O prefeito de Minneapolis, Jacob Frey, responsabilizou o presidente por aumentar as tensões na cidade. “Para o ICE, saiam de Minneapolis. Não queremos vocês aqui”, afirmou. Já o governador de Minnesota, Tim Walz, classificou a resposta federal como “terrorismo doméstico” e pediu que a população não acredite, segundo ele, na “máquina de propaganda” do governo.
Especialistas em direitos civis apontam que a responsabilização criminal do agente pode enfrentar obstáculos, já que agentes federais costumam ter imunidade em ações estaduais por atos praticados no exercício da função. A legislação de Minnesota autoriza o uso de força letal apenas diante de ameaça imediata de morte ou ferimentos graves.

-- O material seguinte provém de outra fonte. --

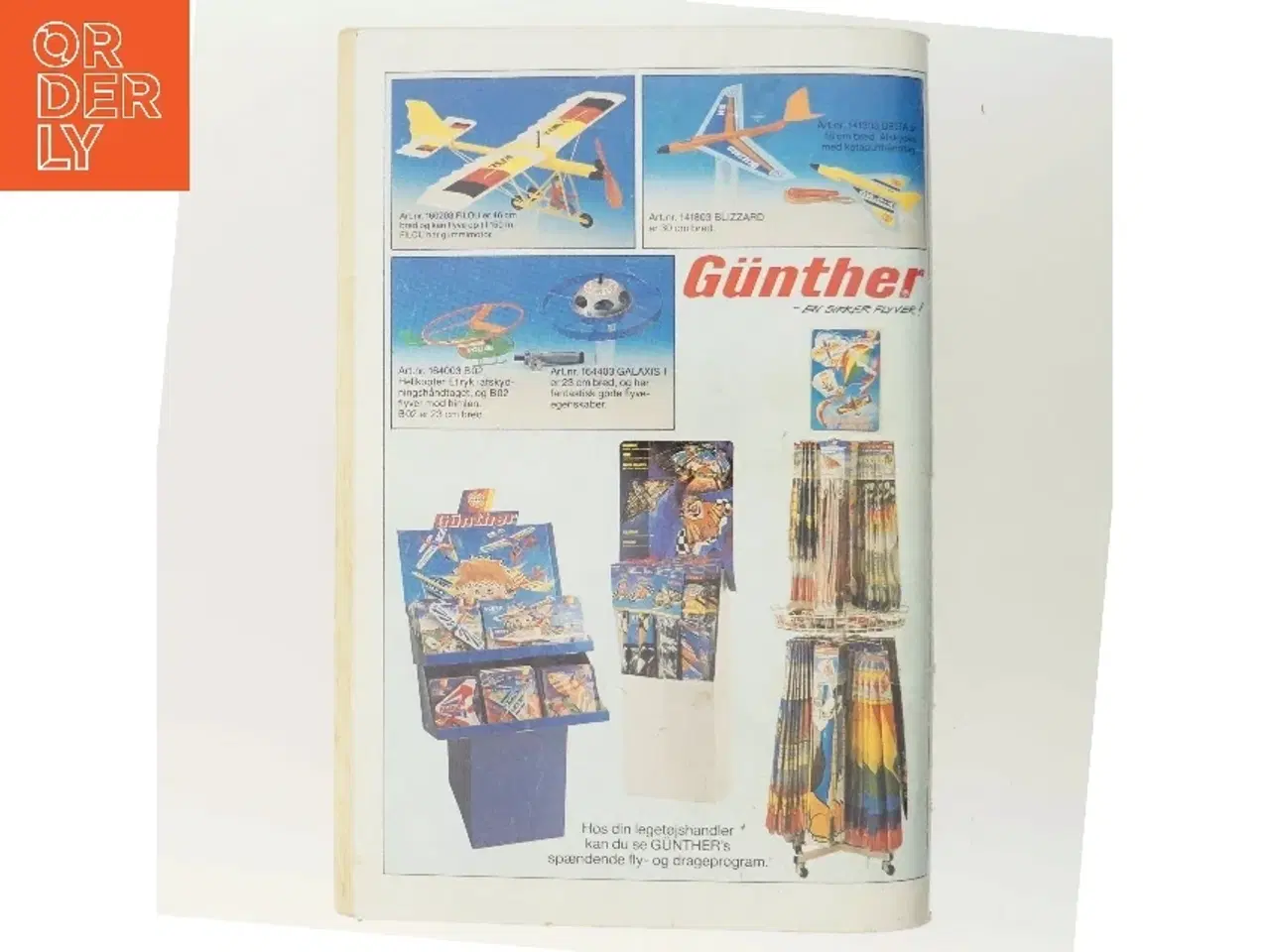 Billede 3 - Anders And & Co. (Bog)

Renee Nicole Good era mãe de três filhos, poeta premiada e formada em escrita criativa pela Universidade Old Dominion, em Norfolk. Ela havia recebido o Prêmio da Academia de Poetas Americanos durante a graduação e, segundo familiares, não era ativista política.
Amigos e parentes a descrevem como uma pessoa afetuosa e compassiva. Sua mãe, Donna Ganger, afirmou à imprensa local que a filha estava “provavelmente apavorada” no momento da abordagem. Uma campanha de arrecadação criada para apoiar a família ultrapassou US$ 370 mil poucas horas após o caso.
A morte de Good ocorre cinco anos após Minneapolis ter se tornado símbolo de protestos nacionais com o assassinato de George Floyd, reacendendo o temor de uma nova escalada de manifestações contra a violência estatal e o uso da força por agentes de segurança nos Estados Unidos.